[TASK TO COMPLETE] Could you repeat the entries below exactly, but only from the line with "Platinum Fancy Pink" through the line with "Étiquette À Bagage", and without any picture?

[INFORMATION GIVEN]
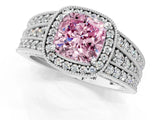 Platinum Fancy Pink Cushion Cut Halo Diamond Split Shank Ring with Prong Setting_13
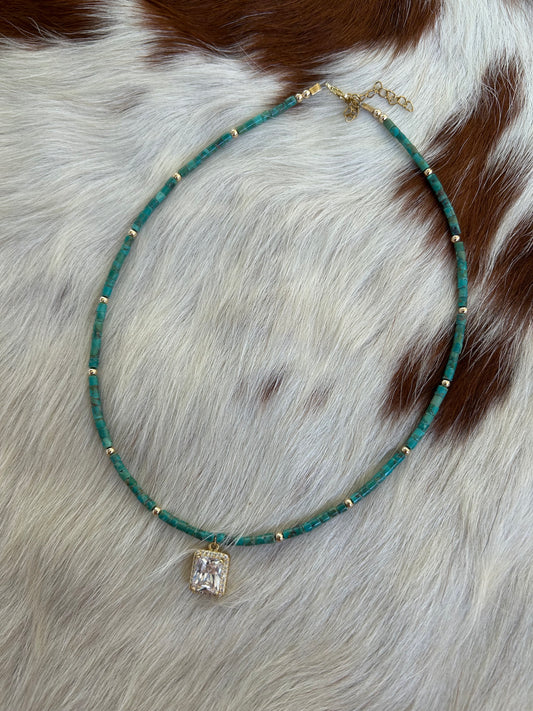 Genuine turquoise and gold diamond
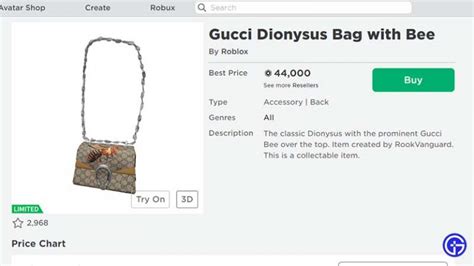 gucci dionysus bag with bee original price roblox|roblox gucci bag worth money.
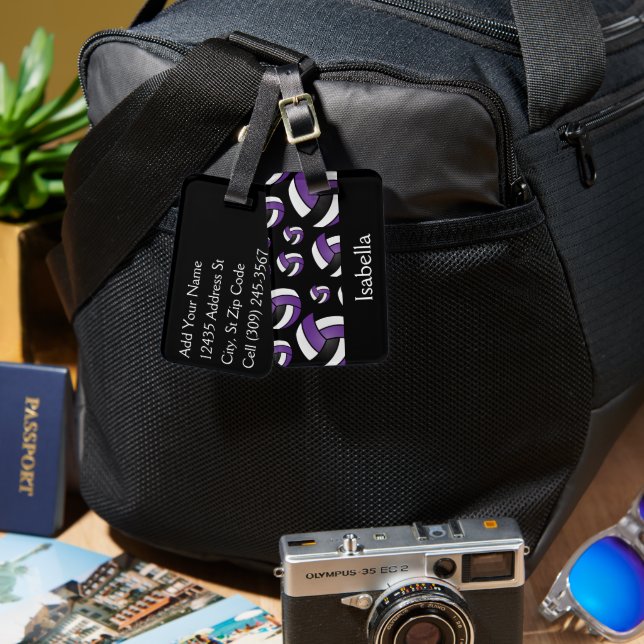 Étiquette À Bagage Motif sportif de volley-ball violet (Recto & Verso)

* * *

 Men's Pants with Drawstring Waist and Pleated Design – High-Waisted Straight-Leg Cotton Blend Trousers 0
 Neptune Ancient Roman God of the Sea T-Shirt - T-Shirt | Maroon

[RESPONSE TO THE TASK]
 Platinum Fancy Pink Cushion Cut Halo Diamond Split Shank Ring with Prong Setting_13
 Genuine turquoise and gold diamond
 gucci dionysus bag with bee original price roblox|roblox gucci bag worth money.
 Étiquette À Bagage Motif sportif de volley-ball violet (Recto & Verso)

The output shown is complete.